:: WHAT TO WORK ON ::
Return the line containing "el hilo dental?" and every line beneath it through the end of the entries below, unchanged. Pictures stay out.

┄┄┄┄┄┄

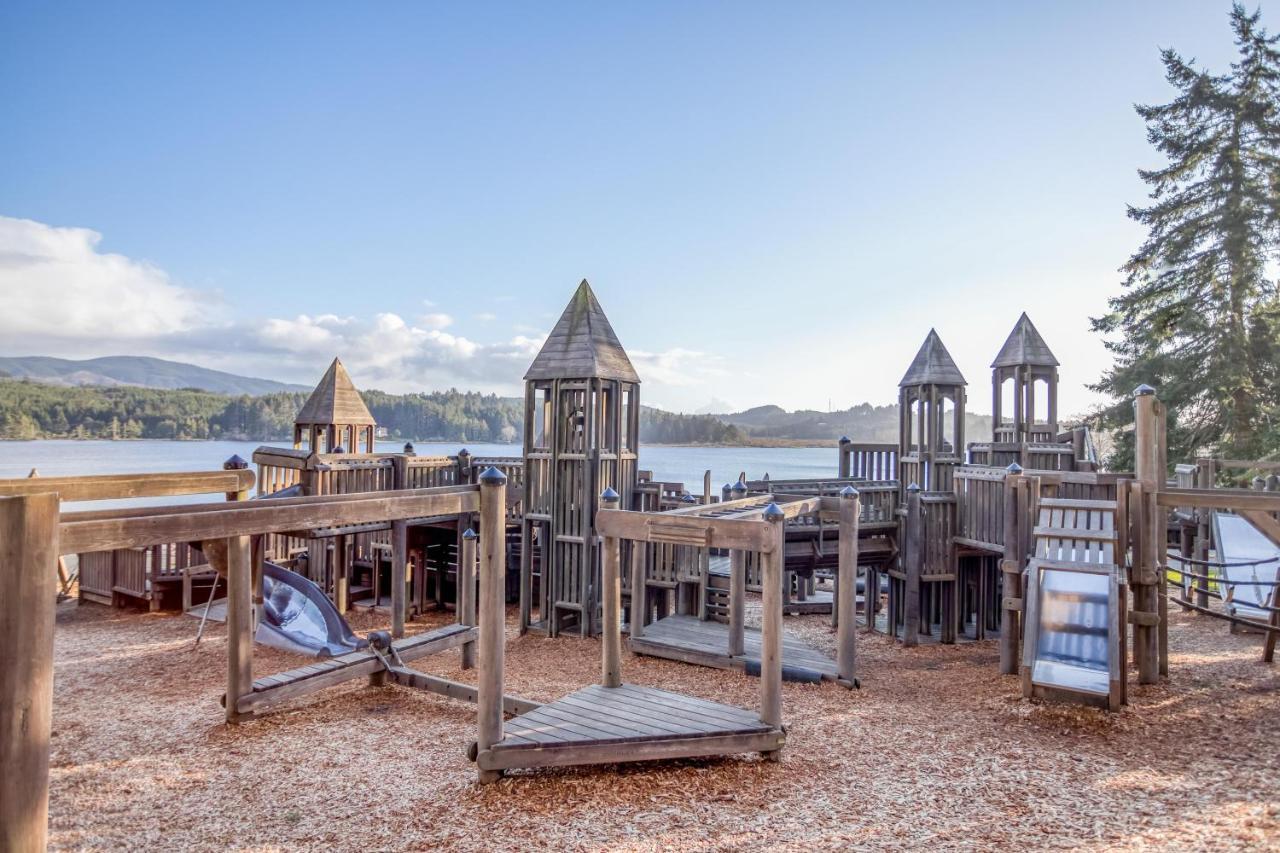 Regatta Park Lake House Lincoln City Ngoại thất bức ảnh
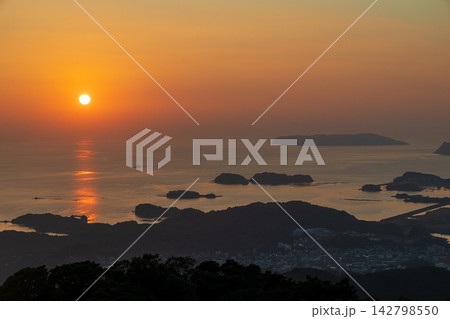 弓張岳展望台から佐世保湾の夕景を眺望 弓張岳展望台から佐世保湾の夕景を眺望 142798550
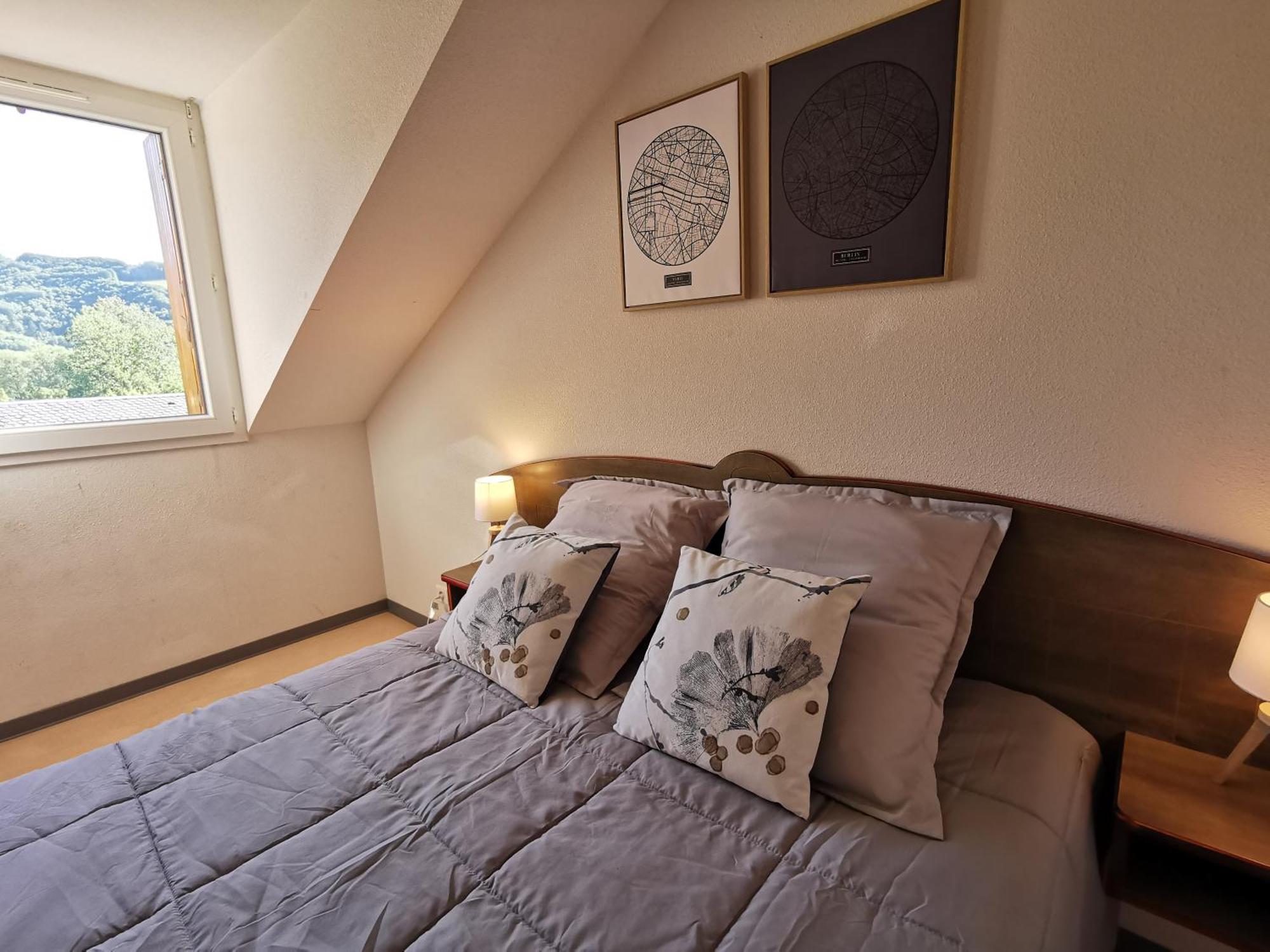 La Maison Bleue, Village Vacances, Piscine, Parking Saint-Geniez-dʼOlt Eksteriør bilde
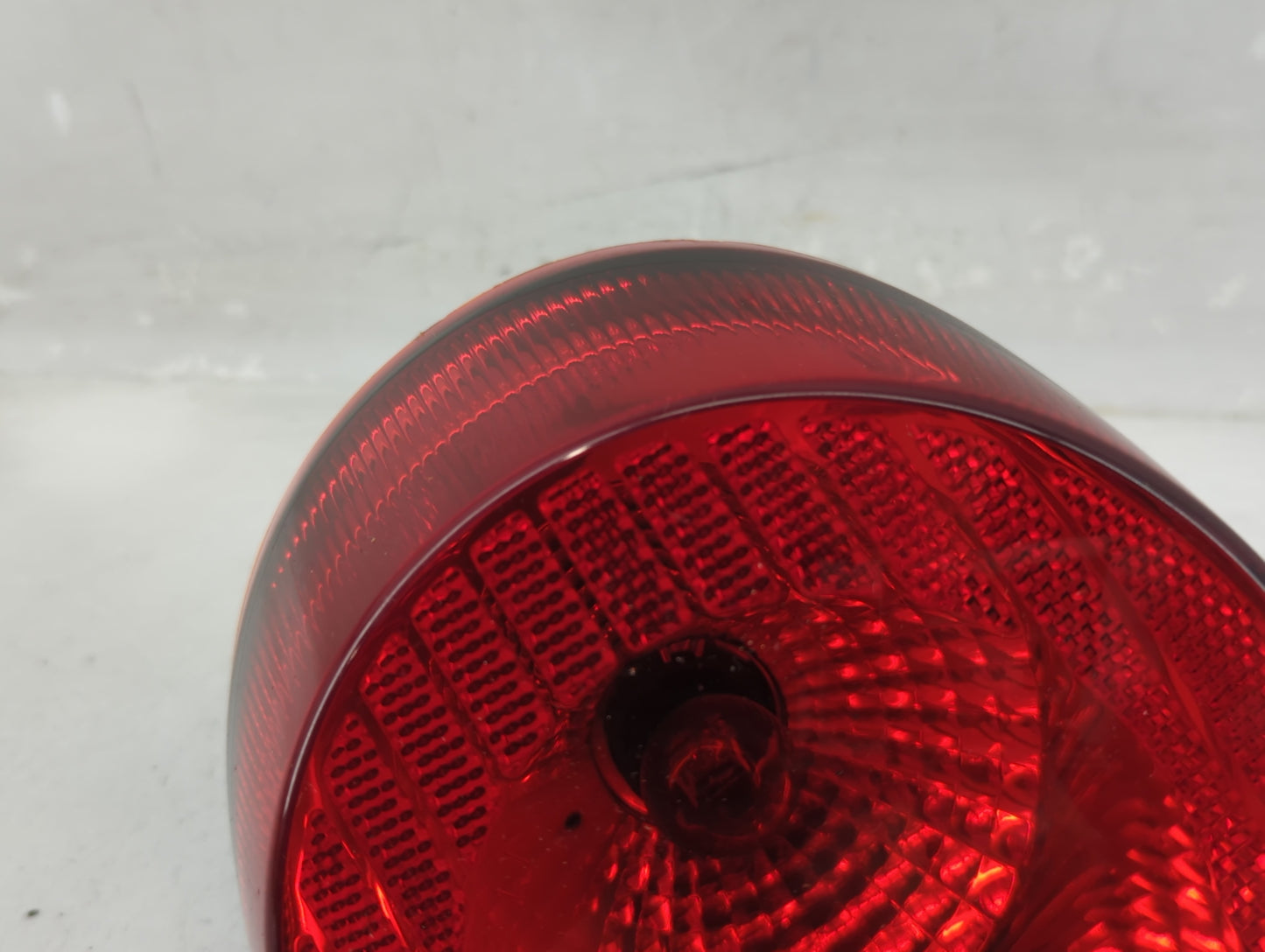 2005-2010 Chevrolet Cobalt Tail Light Assembly Passenger Right OEM P/N:16532532 A Fits Fits 2005 2006 2007 2008 2009 2010 OE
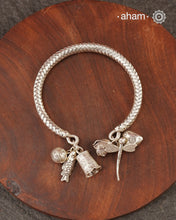 Up your wrist game with the A.M P.M Silver bracelet! The charm bracelet, complete with a beautiful weave pattern inspired by Thai craftsmanship. Perfect for adding a playful touch to any outfit. These are crafted in the finest 92.5 silver

The price is for one piece only.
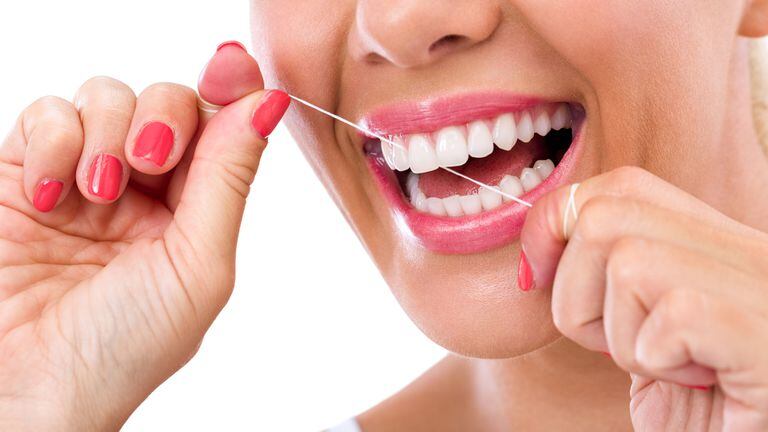 ¿Es realmente necesario para la salud bucal el hilo dental?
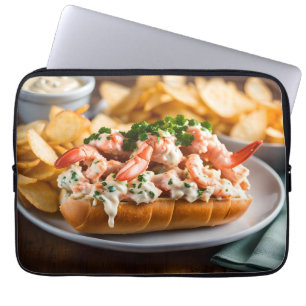 Kreeftenrol en aardappelchips laptop sleeve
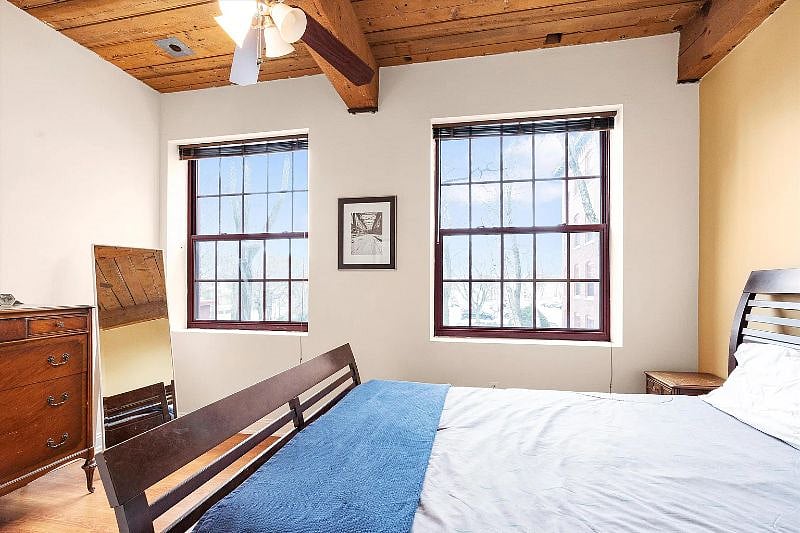 Master bedroom, queen bed
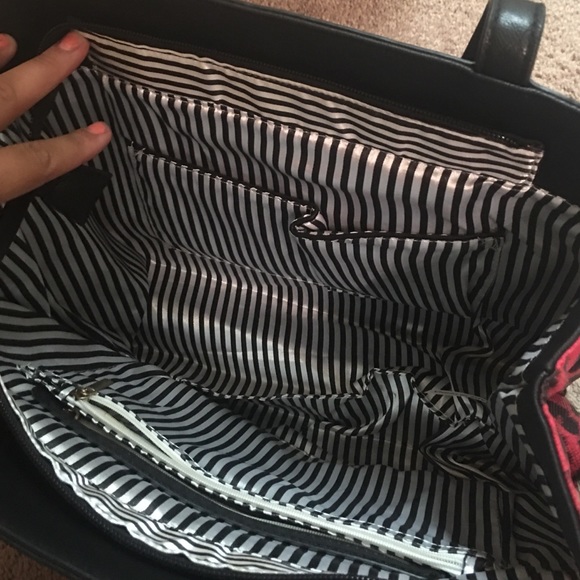 New purse - Picture 4 of 4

┄┄┄┄┄┄

:: RESULT ::
 ¿Es realmente necesario para la salud bucal el hilo dental?
 Kreeftenrol en aardappelchips laptop sleeve
 Master bedroom, queen bed
 New purse - Picture 4 of 4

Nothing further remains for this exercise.